What of all the recent changes - assistant coaches, free agents, quarterbacks? Were those the issues?
"I think you have to look at the big picture," Reid said. "When you're at a place a long time, there's going to be change that takes place whether it's with your quarterback, your offensive line, your defensive line, expectations still remain high. To make those changes and to keep it going, that's a very tough thing to do because of the expectations. You don't have that opportunity to sit back and rebuild. That's not how it works. Listen, that's where change can help. Change buys you a year or two to get that thing going. New guy coming in, there's going to be different expectations, which it should be in the city of Philadelphia."
At some point, the game itself changes. You either have to change with it or it changes you. Reid was not good during games, but his ideas were so far ahead of the game that his organization won games by itself. Then, the game changed. Reid never did.
When you pulled back the curtain, searching for explanations and there were none, the inference always was that the man on the podium was the only one who could know certain things and had no reason to share. Perhaps there was no explanation, because that man simply was a fake Wizard with no explanation for rational questions that he refused to answer. Maybe he just did not know some of the answers, so he bluffed.

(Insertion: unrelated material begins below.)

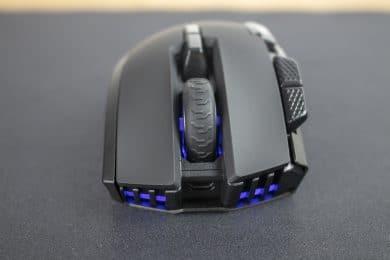 Examen de la souris de jeu sans fil Corsair Ironclaw RGB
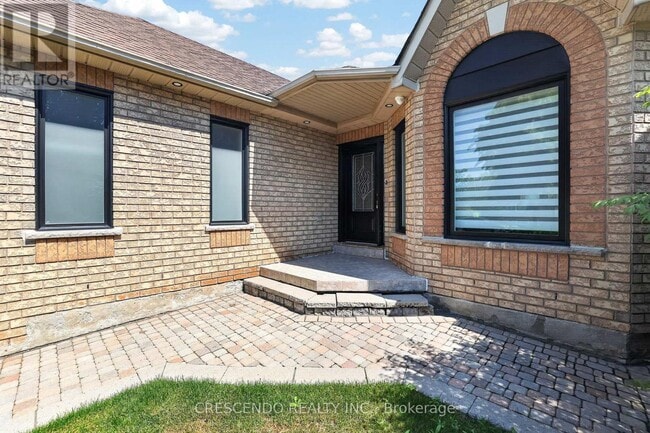 Building Photo - 15 Southbury Manor Dr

When you can sit at home with your eyes half-closed and call most of the plays, something is amiss. Eventually, that carefully crafted façade of complete control starts to crack and you end up with a few games of Michael Vick reborn, a 2008 playoff run out of nowhere, and it is all nothing but a tease. Reid probably should have retired when DeSean Jackson took that punt back at the Meadowlands. That really was the final glorious moment of his regime.
That it happened to end with the total embarrassment of 2012 at least made it clear even to the less clear-eyed in Eagles management. Reid had to go.
It is 8 years removed from that Super Bowl. Reputations have a way of surviving way past their sell-by date. They are bequeathed as much as they are earned. The reality is that the Eagles became more a sideshow than actual show in Reid's final years.
Does Reid have another startup success in him? The Chiefs hired him because they believe he does.
Reid is working on his staff. He will be bringing a few from Philadelphia.
"There will some that will come with," he said. "I'm still in that process."
The Chiefs have the No. 1 pick in the NFL draft. When Reid had the No. 2 pick in 1999, he was the only one who got it right in a class that supposedly had all those great quarterbacks. But that was 14 years and dozens of draft mistakes ago.
The Chiefs had a great fan base. By the end of 2012, the stadium was one-third full. Many luxury suites went unsold. Reid is no salesman, so he will have to sell winning.
Chiefs Hall of Fame quarterback Len Dawson, who arrived when the team moved from Dallas 50 years ago and never left, pointed out that Reid is the 13th Chiefs coach. Only three left with winning records.
Now, it is Reid's turn. It is unclear exactly who is in charge of what in Kansas City.
When asked about the Eagles' chain of command and asked whether it would have helped to have only one voice in decision-making, Reid laughed and said: "This is how it works; this is what's important is that everybody's pulling in the same direction. It's really not one guy making the decision. When it's working right, it's a joint effort to make the decision. It's not one guy sitting in there with a hammer making decisions. When that gets out of whack, it goes downhill real fast . . .
"That's the important thing. That's where change can be a good thing. The Philadelphia Eagles are going to do that. They're all going to work together, pulling in the same direction and good things will happen for them."
When it was suggested he was being diplomatic to the end, Reid smiled, winked and went off to the next set of questions, as we were all left to consider those magic words again - plausible deniability.